São 30 as luas que orbitam o Plano Piloto, pelo menos por enquanto. A galáxia modernista é diversa, desigual e as cidades-satélites são quase desconhecidas umas das outras. Quem mora na maquete de Lucio Costa pouco ou nada conhece das outras RAs (pronuncia-se Érre-As, o jeito menos aborrecido de dizer Região Administrativa).

Quase todas nasceram contra a vontade dos deuses que inventaram Brasília. Nem Lucio nem Oscar nem Juscelino nem Israel – ninguém queria saber de outros objetos celestes que perturbassem a soberania solar da nova capital. Mas, como as coisas são como são e não como gostaríamos que fossem, a nova morada da perfeição nasceu imperfeita.
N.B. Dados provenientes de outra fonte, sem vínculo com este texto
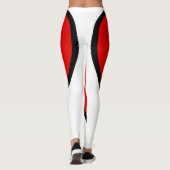 Leggings/Rood, Zwart en Wit Leggings (Achterkant)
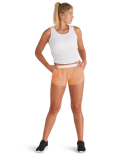 Soffe 5705V Jr Camp Short in Peach nectar on4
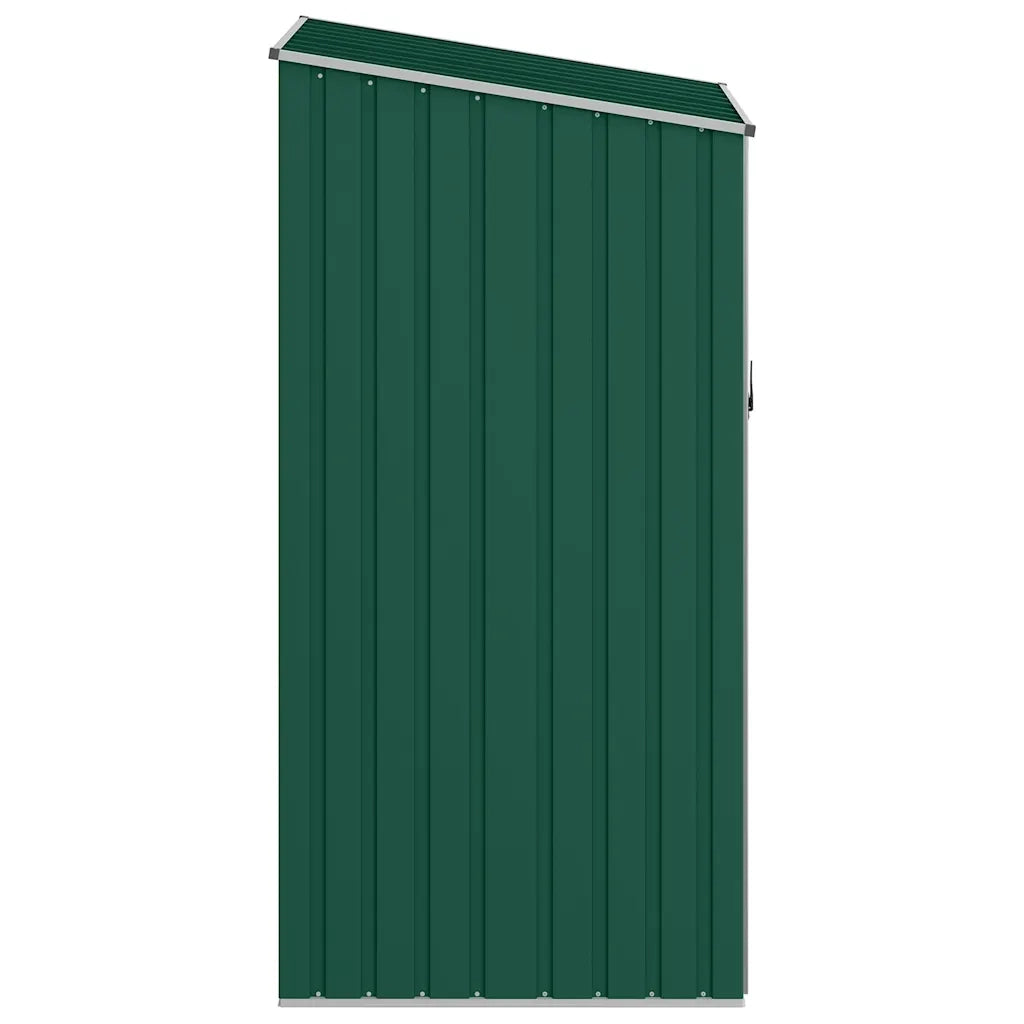 Capanno per Legna Verde 245x98x159 cm in Acciaio Zincato 46293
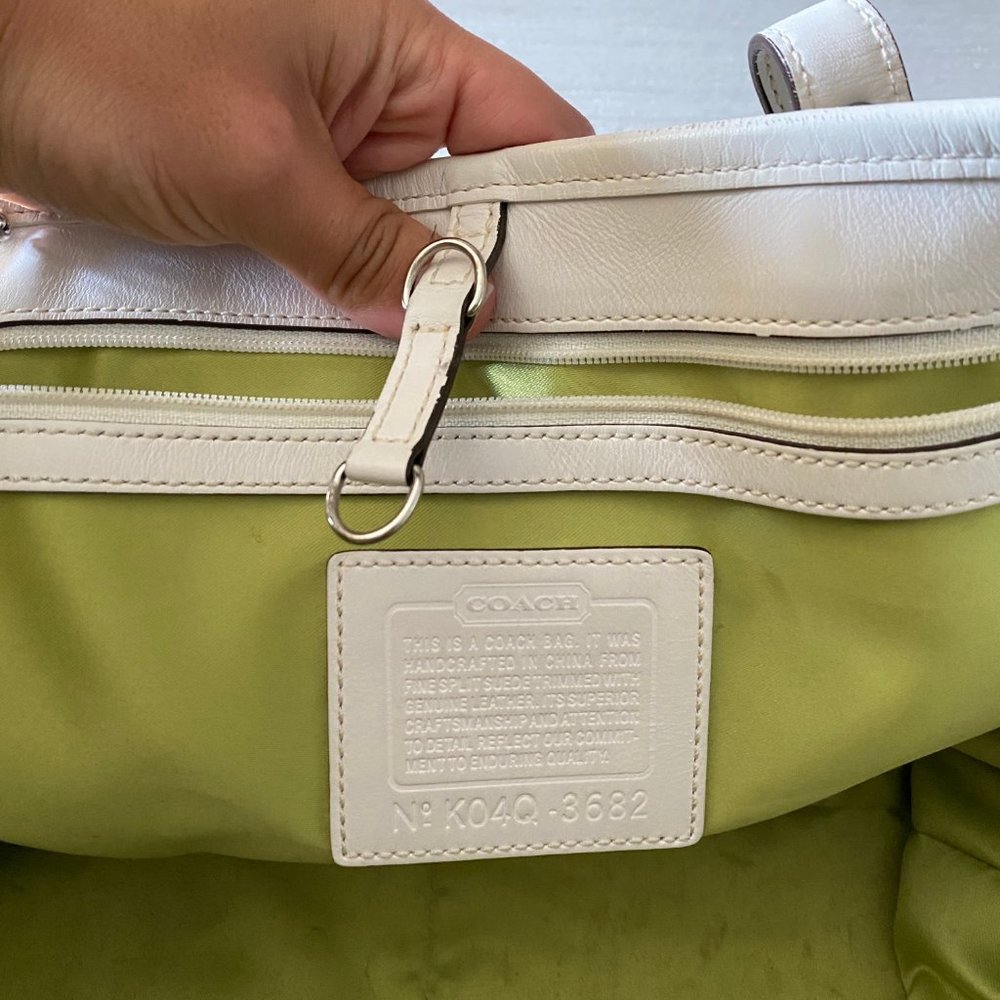 Coach Optic C Patchwork Suede Tote - image 7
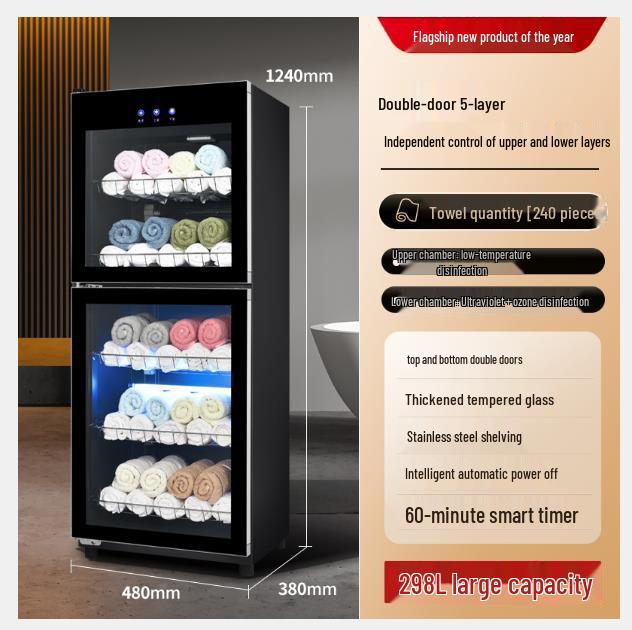 Single Door UV Sterilization Cabinet for Barber Shops and Salons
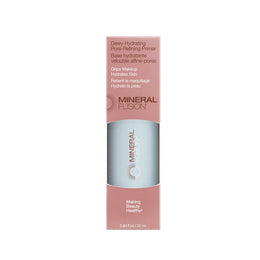 Mineral Fusion Dewy Hydrating Pore-Refining Face Primer 0.84 fl oz, Lightweight, Hydrating Primer Plumps Skin with Blue Light Protection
Nordestinos, nortistas, goianos, mineiros forçaram a porta do paraíso e cá estão. São eles, mais outros tantos brasileiros de outras regiões, que fizeram da maquete um lugar de verdade, uma cidade feita de muitas cidades, de muitas culturas, de muitos sabores, de muitos sotaques, uma síntese babilônica do Brasil.

Juntar as 30 cidades-satélites + o Plano Piloto numa unidade minimamente coesa não é fácil. Por isso, divirto-me com a Melô do DF (400 mil visualizações). TJ Fernandes teve a pachorra de fazer versos, fantasiar-se ao modo mais característico das cidades e gravar uma cena em cada uma delas.

“Se o trânsito é minha sina/Se eu moro quase na China/É que eu sou de Planaltina, de Planaltina!/Se o papai paga a ‘facul’/Se no combo tem Red Bull/Eu moro no Lago Sul, no Lago Sul!/Se à noite não ando só/Se dos playboy tenho dó/É que sou do Setor O, do Setor O!/Se a EPTG você xinga/Não anda nem com mandinga/Você mora em Taguatinga, em Taguatinga!”

O mais legal disso é que o Lago Sul, o Lago Norte, o Park Way e o Sudoeste são cidades-satélites tanto quanto o Recanto, a Candangolândia e a Fercal. Todas elas contornam o Plano Piloto e têm administrações próprias. Só que são chamadas apenas de regiões administrativas. Satélite fica para Santa Maria, Riacho I, Riacho II, Planaltina, Ceilândia.

E ainda tem a quebrada da quebrada, que GOG canta em Brasília Periferia I e Brasília Periferia II. São os bairros dos municípios que contornam o DF – Morro Santa Rita, Nova Friburgo, Mesquita, Parque Mingore… Lugares onde cidadania é palavra de língua estrangeira. O rapper da perifa candanga canta com voz rude como a realidade: “Periferia é periferia em qualquer lugar”.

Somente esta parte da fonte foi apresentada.